Material provided ::
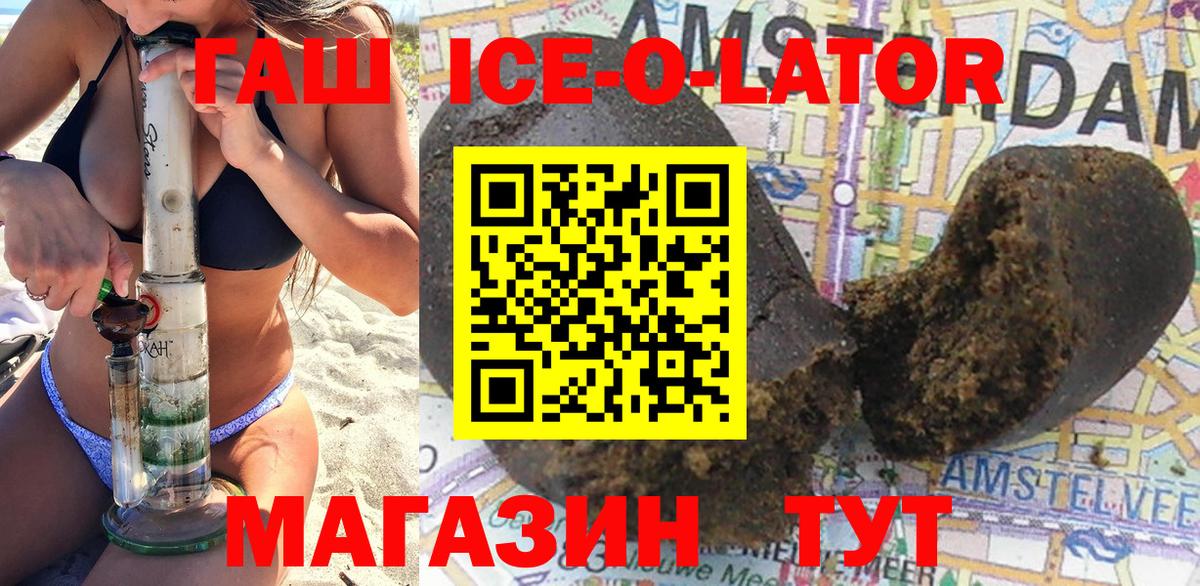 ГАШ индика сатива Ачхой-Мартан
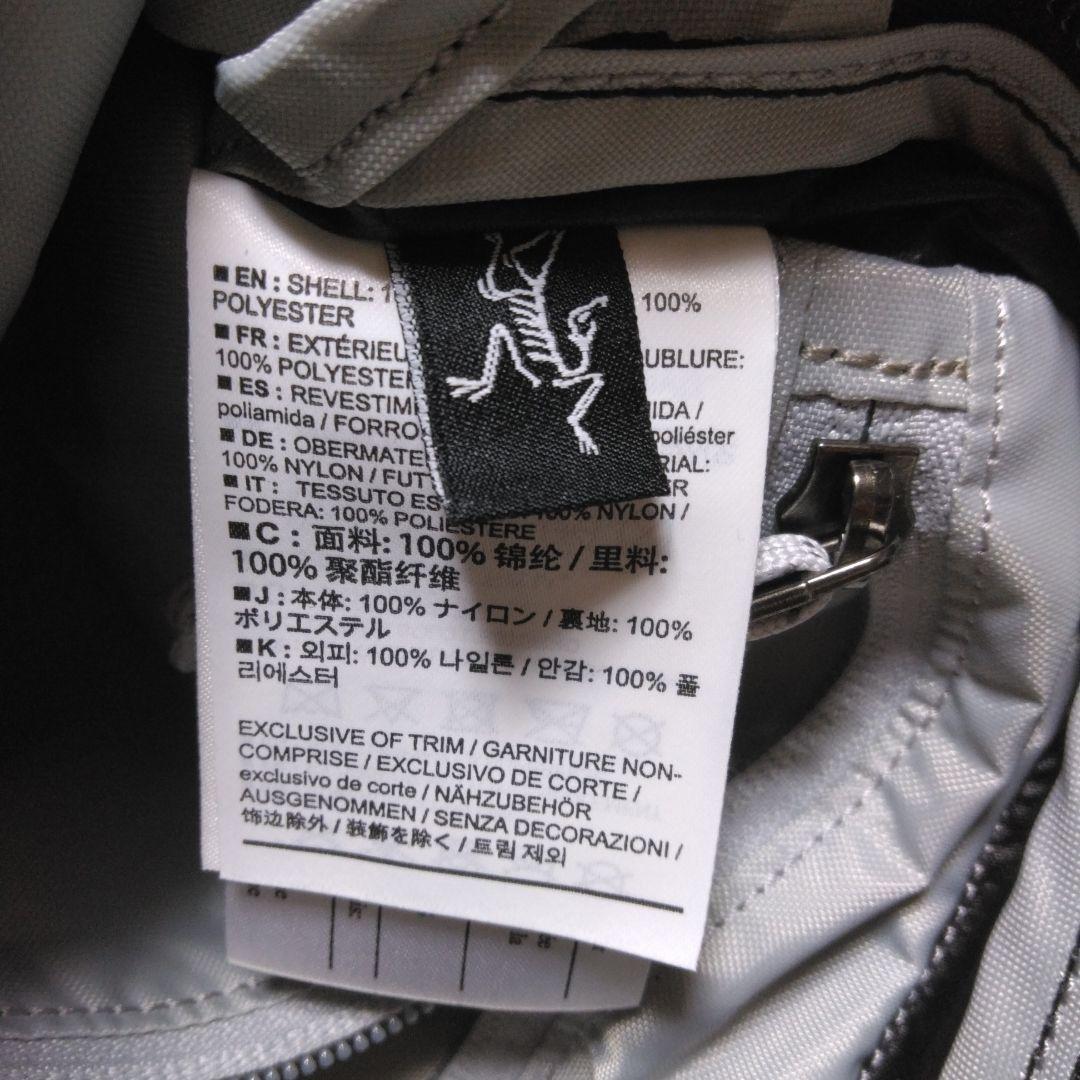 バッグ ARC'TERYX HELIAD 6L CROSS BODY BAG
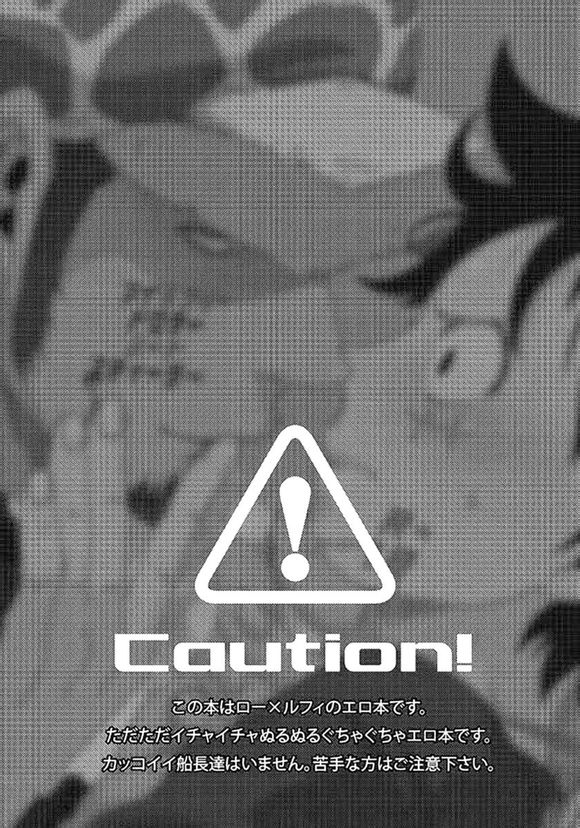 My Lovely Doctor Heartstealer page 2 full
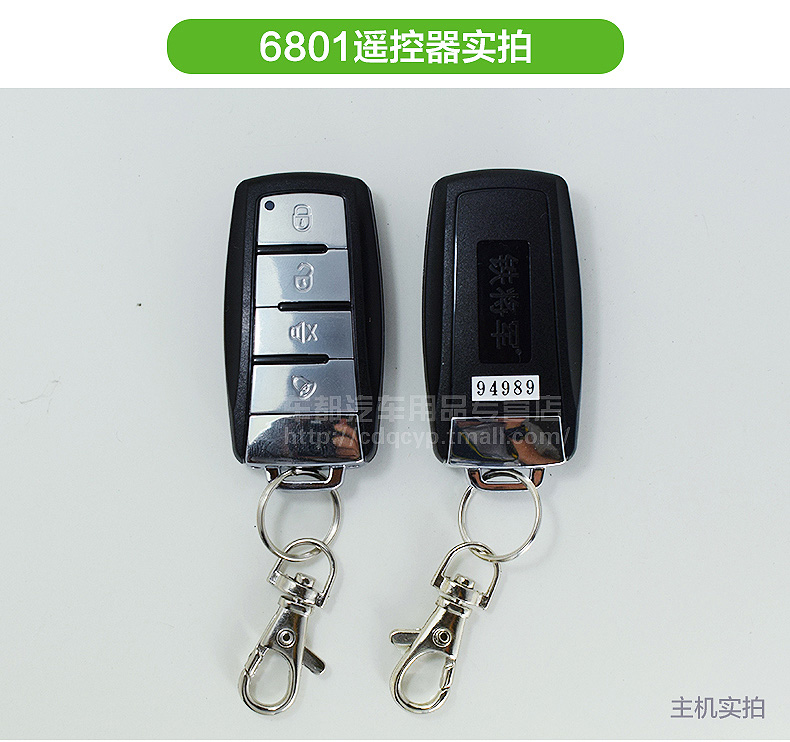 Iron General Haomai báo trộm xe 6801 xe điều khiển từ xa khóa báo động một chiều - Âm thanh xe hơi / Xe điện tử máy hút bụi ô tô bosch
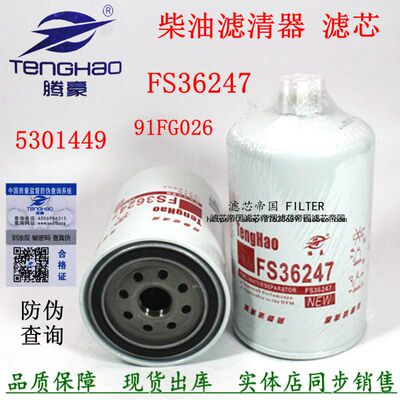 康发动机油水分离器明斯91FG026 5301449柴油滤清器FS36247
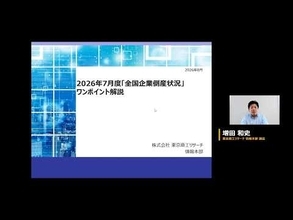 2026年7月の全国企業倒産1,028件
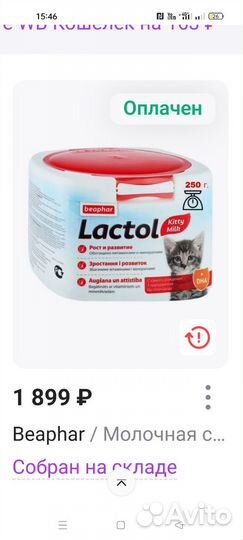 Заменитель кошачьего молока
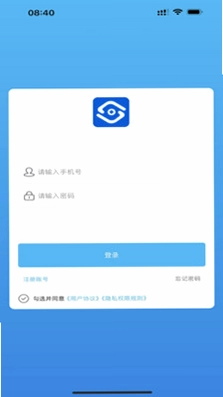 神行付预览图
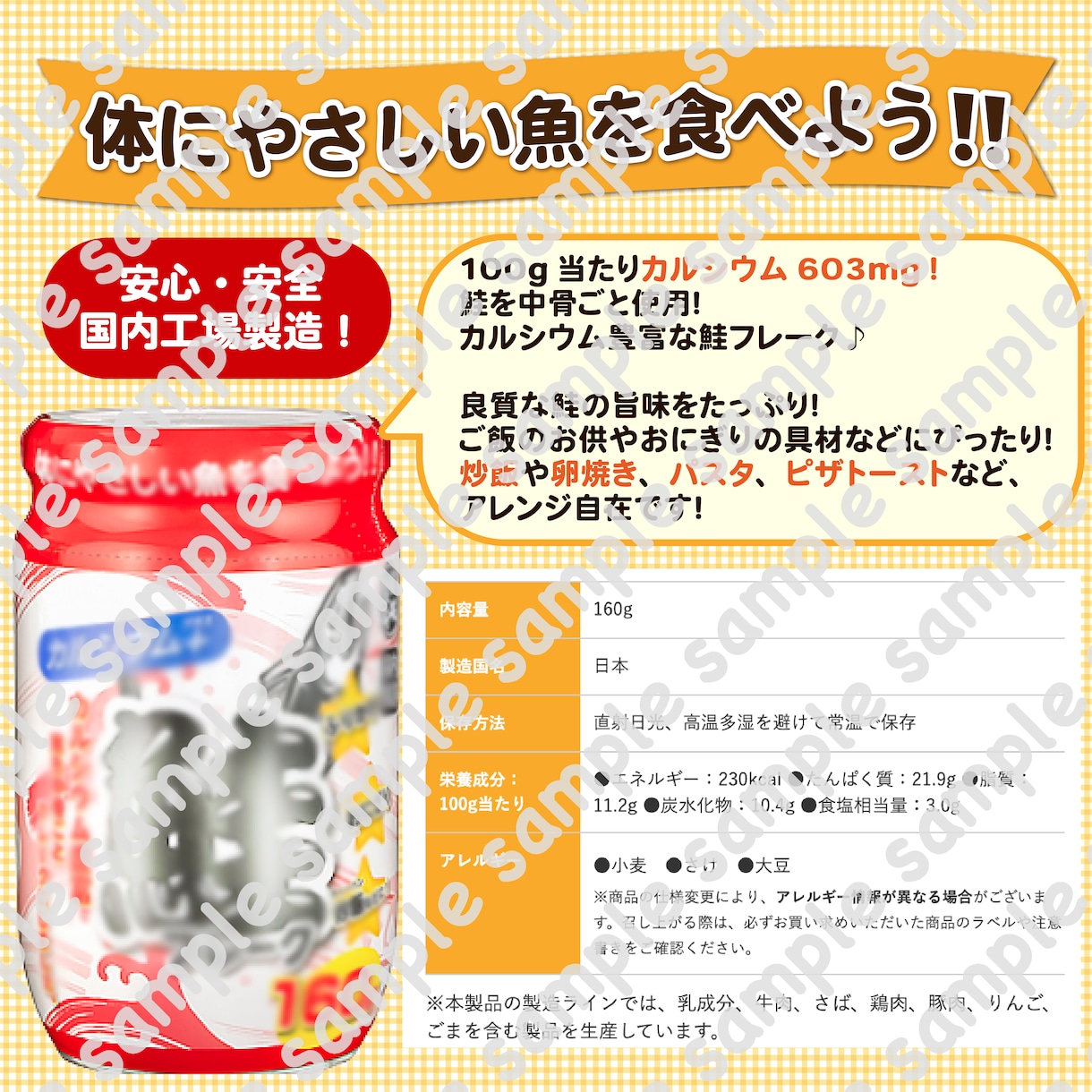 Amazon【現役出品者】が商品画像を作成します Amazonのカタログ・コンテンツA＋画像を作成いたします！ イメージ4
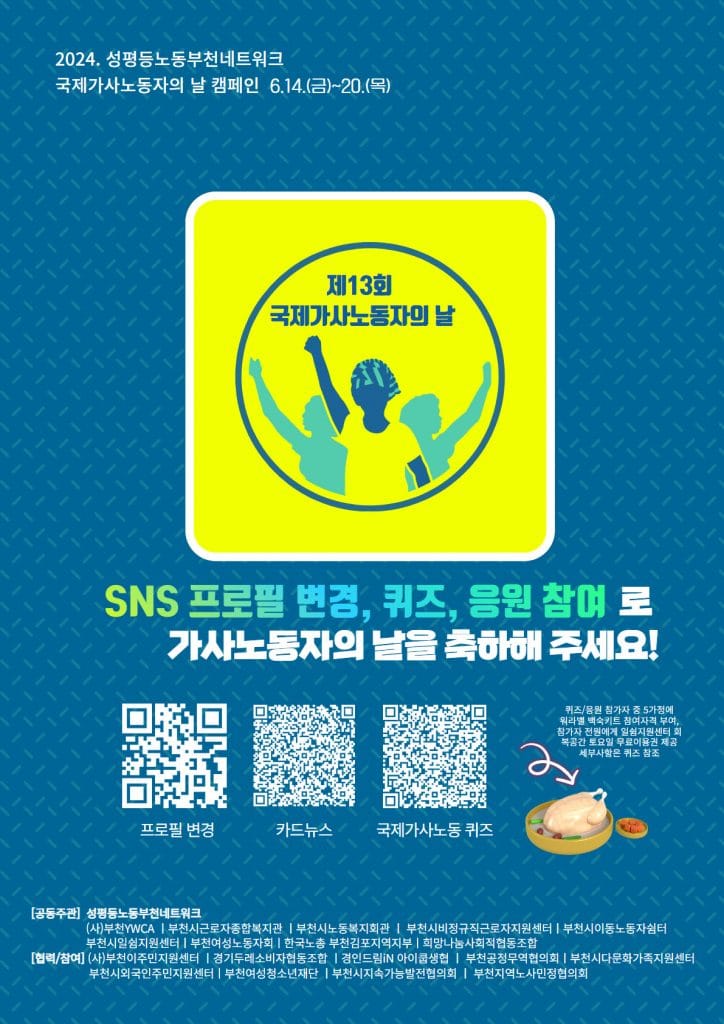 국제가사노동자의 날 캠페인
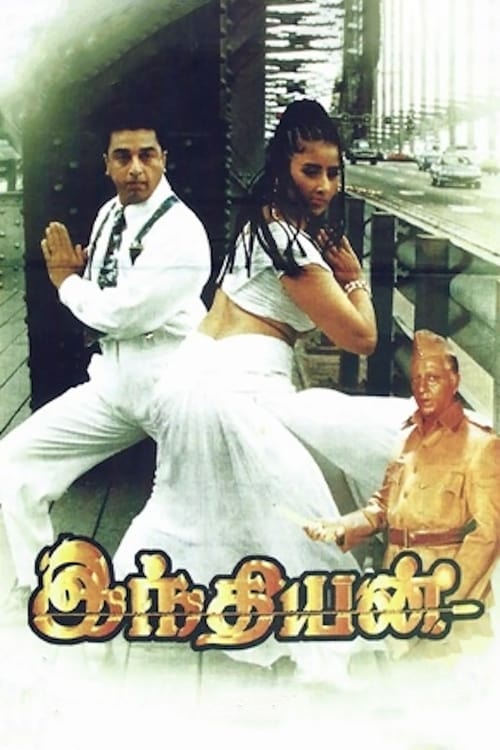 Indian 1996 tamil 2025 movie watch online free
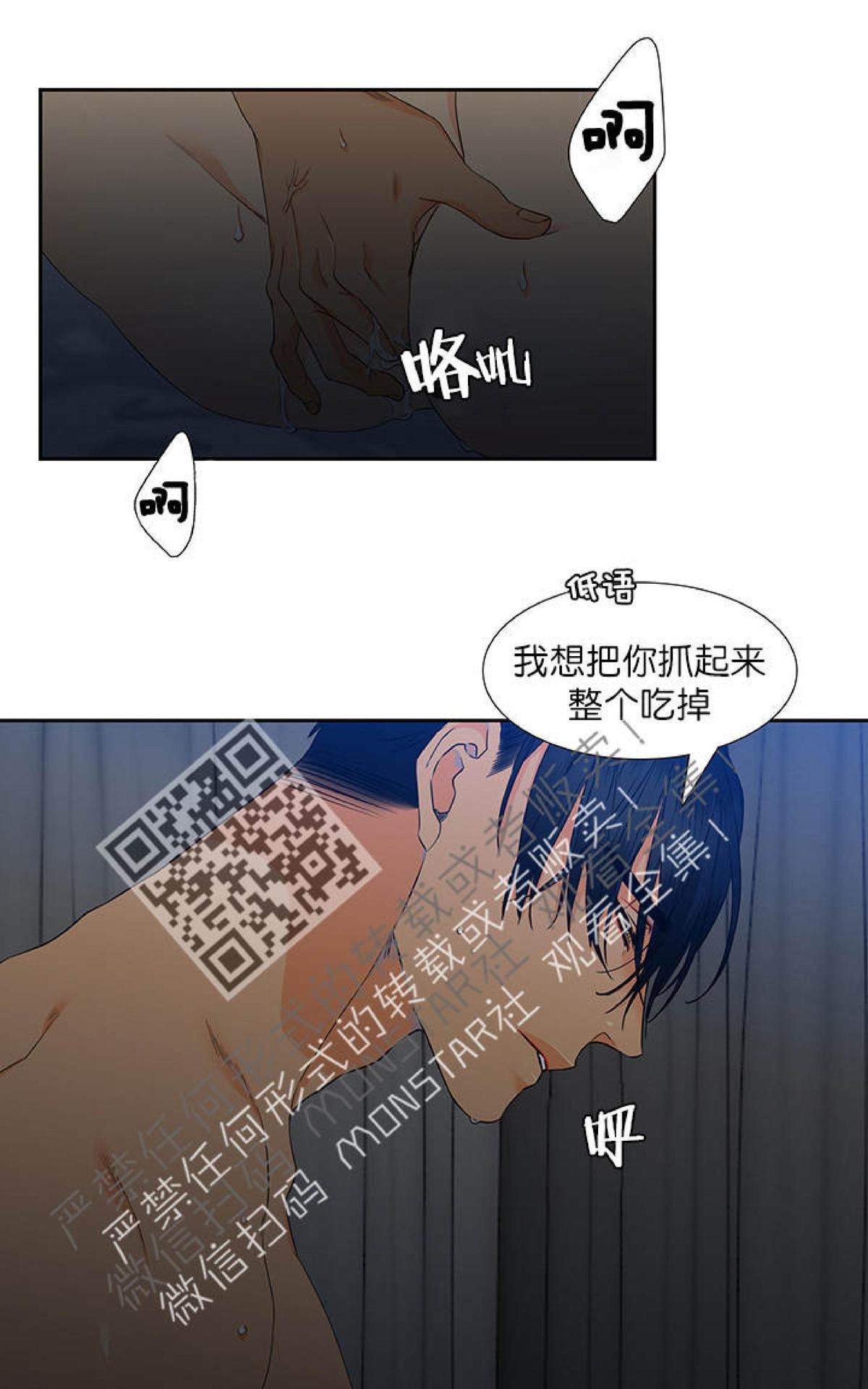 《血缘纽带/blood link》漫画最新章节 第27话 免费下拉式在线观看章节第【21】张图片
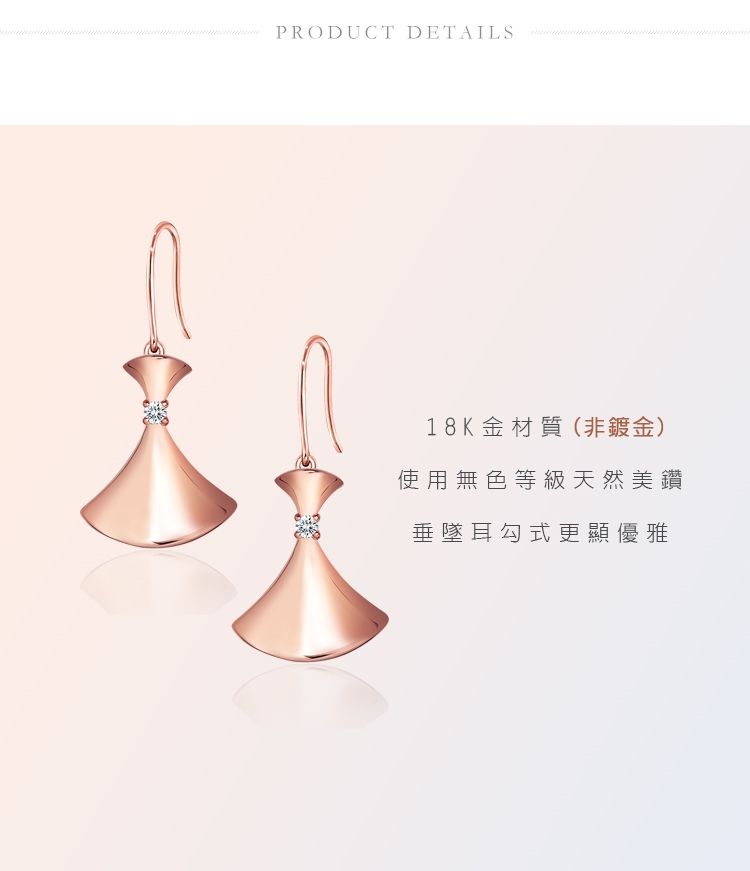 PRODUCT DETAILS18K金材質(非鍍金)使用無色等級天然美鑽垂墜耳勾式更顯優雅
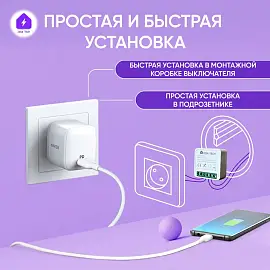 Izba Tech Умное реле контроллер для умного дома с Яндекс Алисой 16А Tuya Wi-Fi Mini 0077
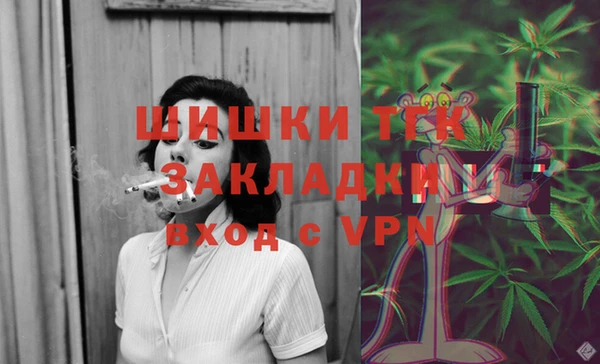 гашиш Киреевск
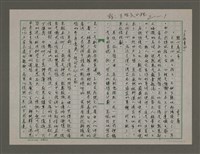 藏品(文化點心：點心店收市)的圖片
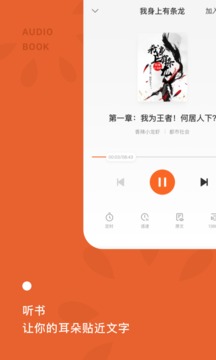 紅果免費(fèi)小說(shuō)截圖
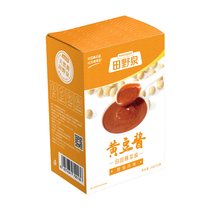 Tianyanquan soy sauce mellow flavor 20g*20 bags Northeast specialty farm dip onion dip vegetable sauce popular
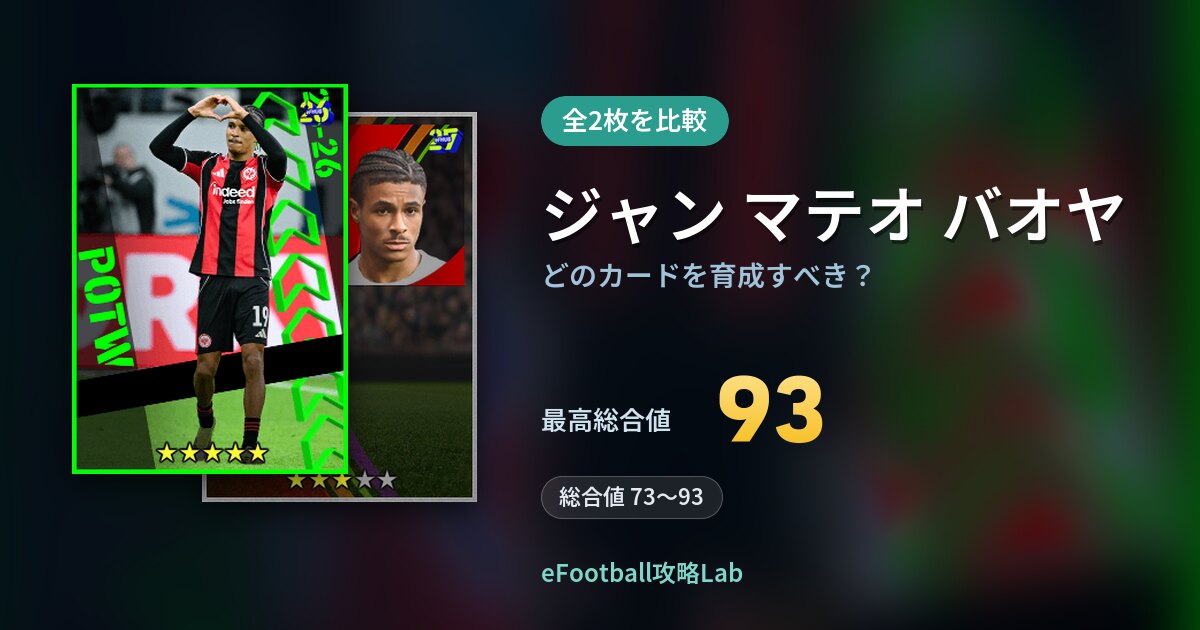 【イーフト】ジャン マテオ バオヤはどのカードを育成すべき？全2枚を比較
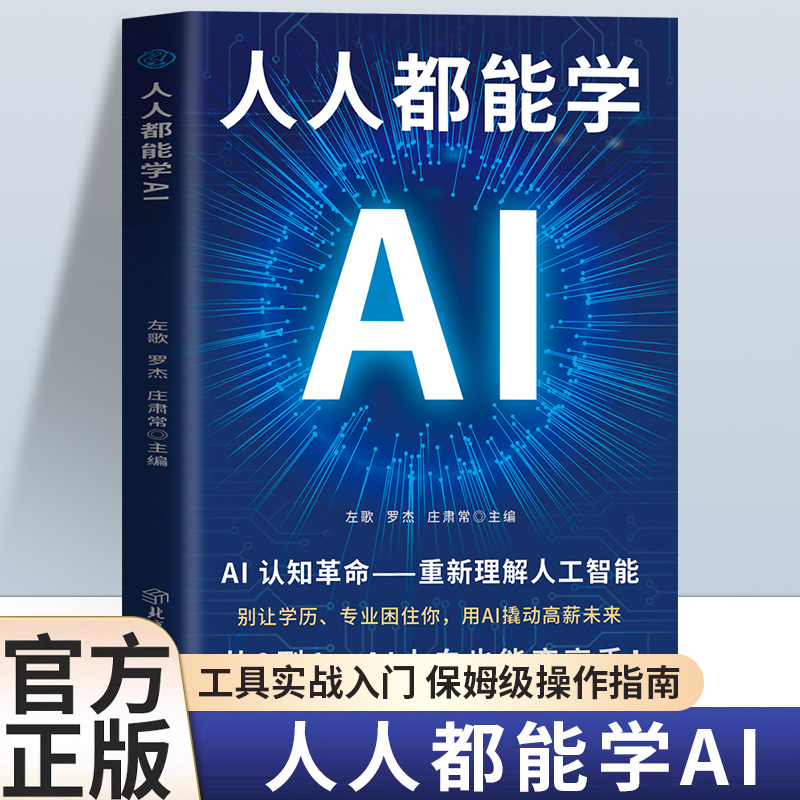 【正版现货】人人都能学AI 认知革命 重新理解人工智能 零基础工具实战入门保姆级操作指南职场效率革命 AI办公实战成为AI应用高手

Task objective :: Drop the pictures, then transcribe the lines from the one containing "紅果免費(fèi)小說(shuō)截圖" to the end of the data above, exactly and nothing more.

Response below ::
 紅果免費(fèi)小說(shuō)截圖
 Tianyanquan soy sauce mellow flavor 20g*20 bags Northeast specialty farm dip onion dip vegetable sauce popular
 【イーフト】ジャン マテオ バオヤはどのカードを育成すべき？全2枚を比較
 【正版现货】人人都能学AI 认知革命 重新理解人工智能 零基础工具实战入门保姆级操作指南职场效率革命 AI办公实战成为AI应用高手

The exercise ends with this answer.